Brasil/política
Adriano Brito - @adrianobritoDa BBC Brasil em São Paulo
Para Cristovam Buarque, é preciso discutir que governo, o Brasil terá – com ou sem Dilma
Há pouco mais de dez anos, o senador Cristovam Buarque
deixou o PT após uma série de desgastes que levaram à sua demissão, por
telefone, do cargo de ministro da Educação e no embalo da eclosão do escândalo
do mensalão – ele foi um dos integrantes que não concordaram com a resposta
dada pelo partido e pelo então presidente Luiz Inácio Lula da Silva às
irregularidades reveladas à época.
Hoje, ensaia um novo desembarque, desta vez do PDT, que, nas
palavras de Cristovam, "não existe" como partido, pois virou um
"puxadinho do PT" controlado pelo ex-ministro Carlos Lupi que já
colocou como candidato à próxima corrida presidencial um nome escolhido por
Lula – Ciro Gomes – para "preencher o vazio" caso o petismo não se
recupere a tempo de 2018.
Segundo o senador, "o PT se auto assassinou" ao
desconsiderar a meritocracia na nomeação de cargos e não pensar um projeto de
longo prazo para o país.
Diz ainda que o "fracasso" da gestão Dilma
Rousseff se deve principalmente a erros cometidos pela presidente em seu
governo, que está em "fase terminal".
Aos 71 anos, o ex-governador do Distrito Federal e ex-reitor
da UnB (Universidade de Brasília) defende, porém, que se pense menos no
resultado do pedido de impeachment da presidente, e mais em que governo o país
terá após o processo – com ou sem Dilma.
Confira trechos da entrevista à BBC Brasil, feita por
telefone.
BBC Brasil - A ex-senadora Marina Silva defendeu ao jornal
Folha de S.Paulo que se agilize o processo contra a presidente Dilma Rousseff
no TSE (Dilma e seu vice, Michel Temer, podem ter o mandato cassado se o
Tribunal Superior Eleitoral entender que a chapa cometeu irregularidades na
campanha), em detrimento ao pedido de impeachment em curso no Congresso. Como
vê isso?
Cristovam Buarque - Para mim, o importante não é saber como
isso termina, mas como começa o próximo momento. O chamado day after (dia
seguinte). Acho que lamentavelmente a Marina não trabalha com o day after.

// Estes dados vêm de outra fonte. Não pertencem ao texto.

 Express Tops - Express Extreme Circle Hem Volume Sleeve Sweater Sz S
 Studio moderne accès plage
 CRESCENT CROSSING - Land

Estou menos preocupado com se isso vai terminar com a continuação da Dilma, o
impeachment ou a cassação.
Teremos o dia seguinte com o Temer em um governo de unidade
nacional? Ou com a Dilma, com um governo de coalizão nacional? Se houver a
cassação, a eleição em 90 dias vai permitir a construção dessa coalizão com um
projeto alternativo? Essa é a minha preocupação.

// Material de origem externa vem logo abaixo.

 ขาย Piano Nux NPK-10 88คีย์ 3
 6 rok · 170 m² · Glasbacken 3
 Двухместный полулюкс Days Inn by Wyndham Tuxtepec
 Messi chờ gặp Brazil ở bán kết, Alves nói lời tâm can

A presidente Dilma Rousseff enfrentará processo de impeachment neste ano. |
BBC Brasil - Qual seria o cenário ideal?
Cristovam Buarque - Hoje, e nós dissemos isso a ela em
agosto, a melhor alternativa seria a Dilma, mas com um governo que não fosse da
Dilma. Ela sendo a "Itamar" dela própria. No que consiste isso: ela
dizer que não é mais do PT, nem de qualquer outro partido, a não ser do
"Partido do Brasil".
Dizer que precisa da oposição e de todos para governar,
compor um ministério de unidade e com um programa de unidade, no qual a
estabilidade monetária seja objetivo imediato, desde que não sacrifique
conquistas sociais nem investimentos em infraestrutura. Definindo quem vai se
sacrificar para que o Brasil seja reorientado e como vamos atravessar os três
anos até a próxima eleição.
Seria a continuidade do governo Dilma sem Dilma, uma espécie
de presidente sem ser chefe de governo, com um "primeiro-ministro" –
entre aspas, não precisa de parlamentarismo para isso. O Itamar (Franco,
ex-presidente) conseguiu: o Fernando Henrique (Cardoso) foi o
primeiro-ministro. Isso seria o ideal.
Mas não vejo na Dilma condições para isso. Tanto que nós, um
grupo de senadores, fomos até ela em agosto, levamos um documento, propusemos
isso, dissemos que estávamos dispostos a apoiá-la. Ela ouviu com seriedade,
carinho, nos dedicou muito tempo, mas não aconteceu nada. Perdeu a chance.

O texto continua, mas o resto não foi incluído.